I never even narrated the whole story or what happens in the end to Sanjay. I just told him his character’s version of what he’d been through, because I wanted him to do it with complete honesty. While we were shooting that last scene, I told him about the wall and the undergarment and he was shocked and asked, "Did he really kill the girl?!”. I said I didn’t know, and told him to come to his own conclusion, but not to tell me.
Let’s talk about the politics of the show. For starters, you never name The Boy or The Girl, but it’s implied that he belongs to a different caste or religion and that’s partly why he’s being hunted.

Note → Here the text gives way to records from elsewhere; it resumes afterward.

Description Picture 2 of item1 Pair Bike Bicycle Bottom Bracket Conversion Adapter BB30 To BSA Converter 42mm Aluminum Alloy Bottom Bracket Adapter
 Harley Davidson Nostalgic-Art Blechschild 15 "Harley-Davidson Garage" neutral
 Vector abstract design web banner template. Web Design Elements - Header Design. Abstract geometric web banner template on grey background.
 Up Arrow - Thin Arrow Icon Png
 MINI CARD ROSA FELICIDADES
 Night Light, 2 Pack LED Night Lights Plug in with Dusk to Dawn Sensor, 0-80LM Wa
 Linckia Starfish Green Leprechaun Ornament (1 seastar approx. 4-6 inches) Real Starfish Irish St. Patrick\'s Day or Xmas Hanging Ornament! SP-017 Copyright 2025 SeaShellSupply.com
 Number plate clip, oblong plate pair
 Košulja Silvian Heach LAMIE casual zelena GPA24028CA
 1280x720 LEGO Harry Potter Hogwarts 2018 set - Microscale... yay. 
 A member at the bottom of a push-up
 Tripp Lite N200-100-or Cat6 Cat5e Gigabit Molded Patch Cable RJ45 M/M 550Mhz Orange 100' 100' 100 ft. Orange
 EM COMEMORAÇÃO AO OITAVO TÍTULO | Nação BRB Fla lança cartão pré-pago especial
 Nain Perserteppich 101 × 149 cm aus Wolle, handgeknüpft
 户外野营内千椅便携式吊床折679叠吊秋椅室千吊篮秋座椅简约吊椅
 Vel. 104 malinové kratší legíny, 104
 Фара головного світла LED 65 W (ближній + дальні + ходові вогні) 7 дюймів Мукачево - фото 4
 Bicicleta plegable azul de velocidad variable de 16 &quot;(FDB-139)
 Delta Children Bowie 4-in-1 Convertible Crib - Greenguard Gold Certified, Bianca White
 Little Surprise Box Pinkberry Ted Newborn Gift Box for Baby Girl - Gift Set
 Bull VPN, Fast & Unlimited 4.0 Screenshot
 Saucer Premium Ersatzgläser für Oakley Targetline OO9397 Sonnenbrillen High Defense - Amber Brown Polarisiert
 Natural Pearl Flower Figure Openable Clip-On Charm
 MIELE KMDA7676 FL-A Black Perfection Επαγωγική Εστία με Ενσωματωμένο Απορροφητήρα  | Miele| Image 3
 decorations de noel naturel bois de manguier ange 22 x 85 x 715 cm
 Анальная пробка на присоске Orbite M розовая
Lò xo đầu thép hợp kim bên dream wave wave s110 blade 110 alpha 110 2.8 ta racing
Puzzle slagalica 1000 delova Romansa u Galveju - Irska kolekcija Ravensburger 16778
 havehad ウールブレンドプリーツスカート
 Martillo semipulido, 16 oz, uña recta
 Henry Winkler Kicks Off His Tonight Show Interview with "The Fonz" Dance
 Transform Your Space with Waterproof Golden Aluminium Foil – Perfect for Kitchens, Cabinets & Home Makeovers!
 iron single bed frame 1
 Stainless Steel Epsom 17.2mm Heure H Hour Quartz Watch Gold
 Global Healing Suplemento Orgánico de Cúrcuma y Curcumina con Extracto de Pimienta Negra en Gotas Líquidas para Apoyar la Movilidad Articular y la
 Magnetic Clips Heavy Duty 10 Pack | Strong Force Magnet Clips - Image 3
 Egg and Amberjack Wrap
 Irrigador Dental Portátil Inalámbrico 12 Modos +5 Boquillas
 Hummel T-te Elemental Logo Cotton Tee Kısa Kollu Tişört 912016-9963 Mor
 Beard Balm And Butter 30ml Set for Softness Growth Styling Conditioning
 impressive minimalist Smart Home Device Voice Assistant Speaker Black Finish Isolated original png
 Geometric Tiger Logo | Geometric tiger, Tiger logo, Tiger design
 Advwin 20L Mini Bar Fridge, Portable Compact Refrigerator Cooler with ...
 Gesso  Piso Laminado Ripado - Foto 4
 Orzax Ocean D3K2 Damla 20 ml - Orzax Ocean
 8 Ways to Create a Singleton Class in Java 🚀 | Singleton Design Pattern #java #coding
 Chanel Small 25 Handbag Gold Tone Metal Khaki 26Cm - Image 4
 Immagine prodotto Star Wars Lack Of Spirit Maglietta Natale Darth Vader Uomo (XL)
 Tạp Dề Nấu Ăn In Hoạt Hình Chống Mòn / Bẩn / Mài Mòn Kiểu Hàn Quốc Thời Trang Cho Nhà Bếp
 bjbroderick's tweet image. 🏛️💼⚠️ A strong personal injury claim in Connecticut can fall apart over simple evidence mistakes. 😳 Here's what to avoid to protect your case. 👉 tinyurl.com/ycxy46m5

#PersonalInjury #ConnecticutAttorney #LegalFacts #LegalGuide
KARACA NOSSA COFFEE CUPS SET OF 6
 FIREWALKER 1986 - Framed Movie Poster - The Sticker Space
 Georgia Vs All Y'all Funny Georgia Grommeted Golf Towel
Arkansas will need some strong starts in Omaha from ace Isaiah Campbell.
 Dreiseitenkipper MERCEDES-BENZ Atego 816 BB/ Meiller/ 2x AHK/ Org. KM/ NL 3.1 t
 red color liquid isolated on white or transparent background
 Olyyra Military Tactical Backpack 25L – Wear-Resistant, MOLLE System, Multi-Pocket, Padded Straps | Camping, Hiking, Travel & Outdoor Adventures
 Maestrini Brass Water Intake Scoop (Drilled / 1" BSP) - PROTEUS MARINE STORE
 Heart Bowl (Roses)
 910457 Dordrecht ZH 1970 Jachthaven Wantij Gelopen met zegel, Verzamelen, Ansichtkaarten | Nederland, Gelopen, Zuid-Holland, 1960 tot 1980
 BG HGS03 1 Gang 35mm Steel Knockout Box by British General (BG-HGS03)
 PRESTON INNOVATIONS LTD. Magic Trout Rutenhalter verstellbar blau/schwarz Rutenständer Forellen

I didn’t name them because I guess it's my way of talking about the things I wanted to talk about without being obvious. It could be caste, class or religion-based. The point is we live in a society where a particular section of people is not liked by a particular section of people.
The essence of the show, for me, was to condemn us for how easily we submit to flashy, well-packaged narratives and the news in particular. Is that fair?
Yeah. And I think that's just my personality reflecting in the show. I am a very cynical person. My favourite moment is when Daniel Gray asks Isha Mate (The Girl’s best friend) if she’s given up on society and she says, "Yeah I have". I just relate to that character.
Every character has their own agenda and nobody has any empathy for anyone else. Even that “good” journalist who The Boy thinks will support him turns out to be corrupt. That was me saying that I believe the system will always win. Even the popular content we watch today. People don't want to get into nuance these days. They want a clear hero or villain. That’s what we’ve become.
In terms of where the show goes from here, if there is a second season would it be a continuation of this case, or Daniel Gray looking at a new case?
It’ll be Daniel Gray working on a new story. There's also the possibility that Daniel Gray also becomes a part of the story.